The entry of SARS-CoV-2 into target cells. The figure summarizes the plausible mechanisms of virus entry exploiting caveolae-mediated endocytosis (a), envelope fusion (b) and clathrin-mediated endocytosis (c). In the first scenario (a), SARS-CoV-2 binds to ACE2 located in lipid rafts. This may induce the subsequent formation of a caveola. Dynamin plays a central role in cutting the vesicle and enables its internalization. In the second scenario (b), the virus binds to ACE2 and TMPRSS2 on the plasma membrane of target cells, resulting in proteolytic priming and fusion of the envelope lipid bilayer with the cell membrane.

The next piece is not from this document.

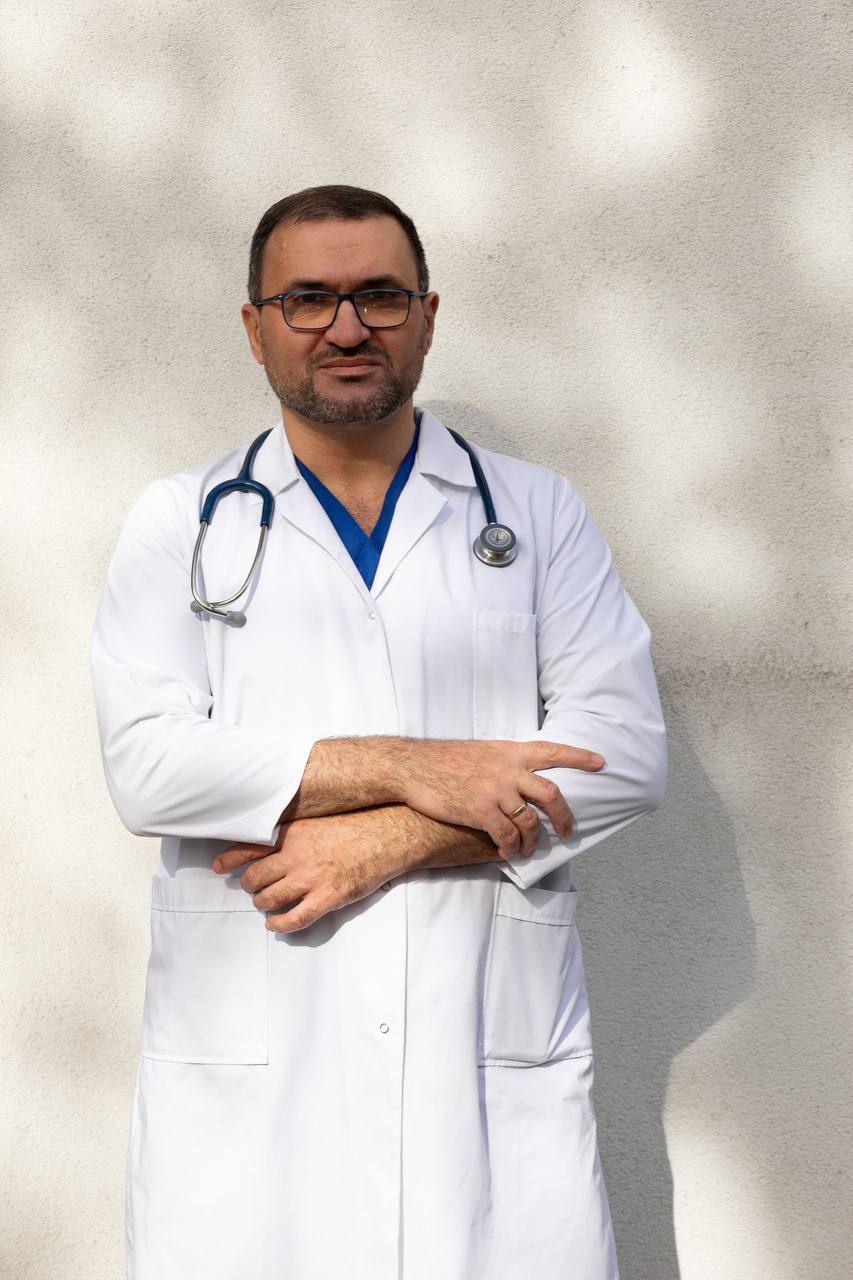 Viacheslav Biletsky (POZ, kardiologia)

In the third scenario (c), SARS-CoV-2 instead uses clathrin-mediated endocytosis to enter target cells. Following each of these entry mechanisms, SARS-CoV-2 can be transported to endosomes. The type of entry route, as well as the proteolipid composition of vesicles, may dictate a different processing pathway and is critical for viral clearance. Abbreviations: ACE2: angiotensin-converting enzyme 2; CHO: cholesterol; SARS-CoV-2: severe acute respiratory syndrome coronavirus 2; TMPRSS2: transmembrane protease, serine 2.

Fig. 4

Potential mechanisms linking lipid rafts to the pathogenesis of COVID-19. In this scenario, SARS-CoV-2 may enter target cells via binding of ACE2, which is located in lipid rafts, or via caveolae-mediated endocytosis, which also occurs in raft compartments of the plasma membrane. The lipid and protein composition of rafts is critical for the subsequent transport of viruses to endosomes and lysosomes. The raft-associated protein cav-1 can inhibit eNOS in endothelial cells and the subsequent production of NO, which plays an important role in inflammation. Lipid rafts and cholesterol in the endosomal membrane may enhance TLR7 activity and promote nuclear translocation of NF-kB via the MYD88 pathway. This event leads to transcription of genes encoding the pro-inflammatory cytokines pro-IL-1β, IL-6, and TNF-α. Importantly, cav-1 may bind miR-138, which suppresses the NF-kB-mediated pathway. Moreover, lipid rafts in the mitochondrial membrane may contribute to autophagy and oxidative stress, both of which occur in infected cells. Lipid rafts in the plasma membrane of immune cells also harbor important protein complexes involved in the immune response, such as receptors for pathogens, antigens or cytokines or costimulatory molecules. Rafts also regulate the activity of TACE, a transmembrane enzyme that generates truncated forms of cytokine receptors. Cholesterol depletion in the immune synapse may profoundly alter the ability of cells to counteract SARS-CoV-2 infection and promote the improper generation of a dysfunctional immune response, characteristics of the most severe outcomes of COVID-19. Abbreviations: ACE2: angiotensin-converting enzyme 2; BCR: B cell receptor; cav-1: caveolin 1; CD28: Cluster of Differentiation 28; CHO: cholesterol; CKs: cytokines; eNOS: endothelial enzyme nitric oxide synthase; ER: endoplasmic reticulum; IkB: inhibitors-of-kappaB; IL-6: interleukin 6; IL6R: interleukin-6 receptor; miR: microRNA; MYD88: myeloid differentiation primary response 88; NFkB: nuclear factor kappa-light-chain-enhancer of activated B cells; NO: nitric oxide; P: phosphorylation; pro-IL1β: pro-interleukin 1 beta; T17: T helper 17 cell; TACE: tumor necrosis factor-alpha converting enzyme; TCR: T cell receptor; TLR7: Toll-like receptor; TNFR: tumor necrosis factor receptor; TNF-α: tumor necrosis factor alpha; Treg: Regulatory T cell.